[Task]: Copy out all lines from the entries below in which "Picture" occurs.

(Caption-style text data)
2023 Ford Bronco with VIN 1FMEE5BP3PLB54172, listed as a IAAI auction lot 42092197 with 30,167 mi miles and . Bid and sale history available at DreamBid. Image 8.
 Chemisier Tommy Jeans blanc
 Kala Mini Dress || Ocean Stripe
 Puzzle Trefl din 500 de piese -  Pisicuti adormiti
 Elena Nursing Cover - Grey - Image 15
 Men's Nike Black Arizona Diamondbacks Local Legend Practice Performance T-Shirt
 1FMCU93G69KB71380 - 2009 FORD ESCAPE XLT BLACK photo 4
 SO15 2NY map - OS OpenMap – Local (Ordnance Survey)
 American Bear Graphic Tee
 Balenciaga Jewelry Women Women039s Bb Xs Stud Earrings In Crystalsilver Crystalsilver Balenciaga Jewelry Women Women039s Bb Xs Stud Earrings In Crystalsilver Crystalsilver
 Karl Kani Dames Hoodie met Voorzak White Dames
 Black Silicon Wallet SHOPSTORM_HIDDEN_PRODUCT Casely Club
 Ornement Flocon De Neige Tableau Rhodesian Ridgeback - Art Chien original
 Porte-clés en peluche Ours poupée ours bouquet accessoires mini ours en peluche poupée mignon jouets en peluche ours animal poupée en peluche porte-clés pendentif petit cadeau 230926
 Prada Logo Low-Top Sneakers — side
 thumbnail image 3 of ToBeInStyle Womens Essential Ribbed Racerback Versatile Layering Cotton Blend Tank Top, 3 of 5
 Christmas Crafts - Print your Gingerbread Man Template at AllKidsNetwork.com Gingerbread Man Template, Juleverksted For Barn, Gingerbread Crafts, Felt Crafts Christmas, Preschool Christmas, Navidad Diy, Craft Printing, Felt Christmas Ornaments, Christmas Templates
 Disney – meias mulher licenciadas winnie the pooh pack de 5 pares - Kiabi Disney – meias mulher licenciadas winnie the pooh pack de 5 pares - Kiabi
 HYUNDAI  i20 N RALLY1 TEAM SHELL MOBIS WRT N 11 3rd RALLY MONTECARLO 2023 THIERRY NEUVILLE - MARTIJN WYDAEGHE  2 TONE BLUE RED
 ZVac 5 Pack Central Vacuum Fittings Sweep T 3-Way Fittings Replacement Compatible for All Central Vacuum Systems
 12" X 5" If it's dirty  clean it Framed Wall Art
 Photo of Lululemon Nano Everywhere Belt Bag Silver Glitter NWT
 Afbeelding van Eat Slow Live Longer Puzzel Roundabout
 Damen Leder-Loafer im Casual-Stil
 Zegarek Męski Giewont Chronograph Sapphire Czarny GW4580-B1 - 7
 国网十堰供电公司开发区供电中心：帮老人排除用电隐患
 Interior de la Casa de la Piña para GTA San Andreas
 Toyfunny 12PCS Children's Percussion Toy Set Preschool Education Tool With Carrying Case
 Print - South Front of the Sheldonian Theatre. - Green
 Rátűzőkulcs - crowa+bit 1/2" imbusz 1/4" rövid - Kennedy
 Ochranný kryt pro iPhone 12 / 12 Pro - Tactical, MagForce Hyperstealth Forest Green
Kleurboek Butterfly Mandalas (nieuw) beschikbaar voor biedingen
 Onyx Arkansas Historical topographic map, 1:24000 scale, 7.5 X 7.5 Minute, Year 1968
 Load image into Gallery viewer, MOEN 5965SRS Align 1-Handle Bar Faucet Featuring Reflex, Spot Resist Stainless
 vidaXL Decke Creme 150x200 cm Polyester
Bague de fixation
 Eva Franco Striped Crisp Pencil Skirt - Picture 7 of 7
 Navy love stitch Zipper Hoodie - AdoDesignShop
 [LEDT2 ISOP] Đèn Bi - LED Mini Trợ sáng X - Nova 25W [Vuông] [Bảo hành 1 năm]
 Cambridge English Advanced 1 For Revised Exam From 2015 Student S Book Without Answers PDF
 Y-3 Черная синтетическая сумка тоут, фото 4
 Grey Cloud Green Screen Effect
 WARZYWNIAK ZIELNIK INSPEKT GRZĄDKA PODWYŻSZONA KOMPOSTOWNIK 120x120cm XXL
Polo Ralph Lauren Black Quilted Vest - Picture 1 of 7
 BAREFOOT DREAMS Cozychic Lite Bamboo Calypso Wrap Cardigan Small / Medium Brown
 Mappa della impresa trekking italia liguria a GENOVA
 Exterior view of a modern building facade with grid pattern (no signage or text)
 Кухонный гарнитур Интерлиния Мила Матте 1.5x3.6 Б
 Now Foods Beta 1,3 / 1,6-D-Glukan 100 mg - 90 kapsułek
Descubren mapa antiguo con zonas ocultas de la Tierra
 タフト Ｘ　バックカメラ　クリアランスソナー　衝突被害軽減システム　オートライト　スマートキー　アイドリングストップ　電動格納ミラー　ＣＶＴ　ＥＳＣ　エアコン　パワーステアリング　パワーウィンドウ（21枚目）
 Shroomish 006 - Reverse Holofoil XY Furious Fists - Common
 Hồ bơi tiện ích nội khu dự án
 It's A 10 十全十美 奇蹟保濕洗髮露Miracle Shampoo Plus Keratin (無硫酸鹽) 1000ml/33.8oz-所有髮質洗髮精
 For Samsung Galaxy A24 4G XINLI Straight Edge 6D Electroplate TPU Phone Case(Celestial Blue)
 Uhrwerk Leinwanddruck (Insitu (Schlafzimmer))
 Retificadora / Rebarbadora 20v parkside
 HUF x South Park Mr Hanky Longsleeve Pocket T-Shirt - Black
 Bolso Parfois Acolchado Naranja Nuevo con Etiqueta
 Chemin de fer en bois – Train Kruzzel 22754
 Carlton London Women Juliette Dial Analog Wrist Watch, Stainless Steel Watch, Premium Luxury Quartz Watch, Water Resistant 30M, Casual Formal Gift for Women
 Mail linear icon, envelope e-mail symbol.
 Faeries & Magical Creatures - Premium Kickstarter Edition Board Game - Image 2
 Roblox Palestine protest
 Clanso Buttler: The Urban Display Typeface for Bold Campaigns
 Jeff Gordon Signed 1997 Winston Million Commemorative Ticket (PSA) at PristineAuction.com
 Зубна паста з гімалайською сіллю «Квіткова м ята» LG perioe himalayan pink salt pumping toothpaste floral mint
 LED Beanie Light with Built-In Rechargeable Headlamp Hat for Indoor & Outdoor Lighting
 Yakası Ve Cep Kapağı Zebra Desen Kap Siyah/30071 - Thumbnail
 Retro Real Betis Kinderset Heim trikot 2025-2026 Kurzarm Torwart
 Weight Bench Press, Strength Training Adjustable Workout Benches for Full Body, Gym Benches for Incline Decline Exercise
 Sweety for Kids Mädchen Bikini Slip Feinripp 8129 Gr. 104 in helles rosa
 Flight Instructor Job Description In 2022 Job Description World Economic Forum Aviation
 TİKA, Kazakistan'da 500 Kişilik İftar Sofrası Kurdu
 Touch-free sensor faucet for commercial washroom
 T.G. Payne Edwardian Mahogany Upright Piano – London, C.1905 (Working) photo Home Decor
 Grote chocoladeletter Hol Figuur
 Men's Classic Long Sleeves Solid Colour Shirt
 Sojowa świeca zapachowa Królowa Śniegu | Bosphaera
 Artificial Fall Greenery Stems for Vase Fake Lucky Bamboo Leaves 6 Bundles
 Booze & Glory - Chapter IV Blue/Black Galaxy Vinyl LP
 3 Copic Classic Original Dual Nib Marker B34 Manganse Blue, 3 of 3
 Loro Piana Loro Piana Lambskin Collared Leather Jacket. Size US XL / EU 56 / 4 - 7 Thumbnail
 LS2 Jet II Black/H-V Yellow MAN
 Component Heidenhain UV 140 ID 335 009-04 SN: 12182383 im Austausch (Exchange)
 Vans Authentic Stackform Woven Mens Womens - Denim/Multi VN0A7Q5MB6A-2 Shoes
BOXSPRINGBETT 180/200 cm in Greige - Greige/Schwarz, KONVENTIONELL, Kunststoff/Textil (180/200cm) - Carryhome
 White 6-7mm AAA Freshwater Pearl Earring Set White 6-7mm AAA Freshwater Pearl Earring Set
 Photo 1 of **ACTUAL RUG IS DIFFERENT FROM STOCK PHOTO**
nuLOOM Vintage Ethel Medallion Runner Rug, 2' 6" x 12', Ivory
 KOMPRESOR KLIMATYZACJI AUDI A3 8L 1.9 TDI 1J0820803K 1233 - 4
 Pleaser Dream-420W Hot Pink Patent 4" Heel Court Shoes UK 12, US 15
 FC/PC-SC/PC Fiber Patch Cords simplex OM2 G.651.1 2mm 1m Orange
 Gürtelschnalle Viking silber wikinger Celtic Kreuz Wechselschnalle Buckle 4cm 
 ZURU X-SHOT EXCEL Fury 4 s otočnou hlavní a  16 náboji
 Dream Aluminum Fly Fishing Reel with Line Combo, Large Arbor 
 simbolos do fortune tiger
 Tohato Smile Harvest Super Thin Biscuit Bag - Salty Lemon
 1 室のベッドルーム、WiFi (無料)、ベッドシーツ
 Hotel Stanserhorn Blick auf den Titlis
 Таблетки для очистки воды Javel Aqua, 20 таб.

[Exercise output]:
 Eva Franco Striped Crisp Pencil Skirt - Picture 7 of 7
Polo Ralph Lauren Black Quilted Vest - Picture 1 of 7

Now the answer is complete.